(What the task requires):
Go through the records and give each one again exactly.

(Records supplied):
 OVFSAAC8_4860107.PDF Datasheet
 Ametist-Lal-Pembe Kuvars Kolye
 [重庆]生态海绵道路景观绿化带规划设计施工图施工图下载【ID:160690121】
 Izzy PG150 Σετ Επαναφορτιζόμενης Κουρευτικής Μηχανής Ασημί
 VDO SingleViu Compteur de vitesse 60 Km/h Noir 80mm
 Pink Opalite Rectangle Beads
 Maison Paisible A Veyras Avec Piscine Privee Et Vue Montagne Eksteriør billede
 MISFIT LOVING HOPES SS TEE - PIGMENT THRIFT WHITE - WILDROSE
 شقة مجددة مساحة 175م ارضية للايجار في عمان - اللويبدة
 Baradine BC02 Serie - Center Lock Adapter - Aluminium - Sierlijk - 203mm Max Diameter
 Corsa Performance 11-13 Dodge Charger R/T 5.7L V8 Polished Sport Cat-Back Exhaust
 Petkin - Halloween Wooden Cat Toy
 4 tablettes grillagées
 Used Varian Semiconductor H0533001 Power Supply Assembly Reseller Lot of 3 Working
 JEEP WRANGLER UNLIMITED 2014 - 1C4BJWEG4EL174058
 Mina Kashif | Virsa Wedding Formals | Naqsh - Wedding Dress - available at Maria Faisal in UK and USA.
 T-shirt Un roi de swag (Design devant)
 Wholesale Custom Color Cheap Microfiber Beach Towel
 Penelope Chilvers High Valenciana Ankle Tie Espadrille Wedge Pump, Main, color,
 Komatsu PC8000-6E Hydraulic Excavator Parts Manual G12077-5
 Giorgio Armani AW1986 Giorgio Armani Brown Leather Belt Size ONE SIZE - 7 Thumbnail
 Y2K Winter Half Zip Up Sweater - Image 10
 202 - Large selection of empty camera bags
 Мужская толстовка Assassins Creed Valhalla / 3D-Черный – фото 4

(Task response):
 OVFSAAC8_4860107.PDF Datasheet
 Ametist-Lal-Pembe Kuvars Kolye
 [重庆]生态海绵道路景观绿化带规划设计施工图施工图下载【ID:160690121】
 Izzy PG150 Σετ Επαναφορτιζόμενης Κουρευτικής Μηχανής Ασημί
 VDO SingleViu Compteur de vitesse 60 Km/h Noir 80mm
 Pink Opalite Rectangle Beads
 Maison Paisible A Veyras Avec Piscine Privee Et Vue Montagne Eksteriør billede
 MISFIT LOVING HOPES SS TEE - PIGMENT THRIFT WHITE - WILDROSE
 شقة مجددة مساحة 175م ارضية للايجار في عمان - اللويبدة
 Baradine BC02 Serie - Center Lock Adapter - Aluminium - Sierlijk - 203mm Max Diameter
 Corsa Performance 11-13 Dodge Charger R/T 5.7L V8 Polished Sport Cat-Back Exhaust
 Petkin - Halloween Wooden Cat Toy
 4 tablettes grillagées
 Used Varian Semiconductor H0533001 Power Supply Assembly Reseller Lot of 3 Working
 JEEP WRANGLER UNLIMITED 2014 - 1C4BJWEG4EL174058
 Mina Kashif | Virsa Wedding Formals | Naqsh - Wedding Dress - available at Maria Faisal in UK and USA.
 T-shirt Un roi de swag (Design devant)
 Wholesale Custom Color Cheap Microfiber Beach Towel
 Penelope Chilvers High Valenciana Ankle Tie Espadrille Wedge Pump, Main, color,
 Komatsu PC8000-6E Hydraulic Excavator Parts Manual G12077-5
 Giorgio Armani AW1986 Giorgio Armani Brown Leather Belt Size ONE SIZE - 7 Thumbnail
 Y2K Winter Half Zip Up Sweater - Image 10
 202 - Large selection of empty camera bags
 Мужская толстовка Assassins Creed Valhalla / 3D-Черный – фото 4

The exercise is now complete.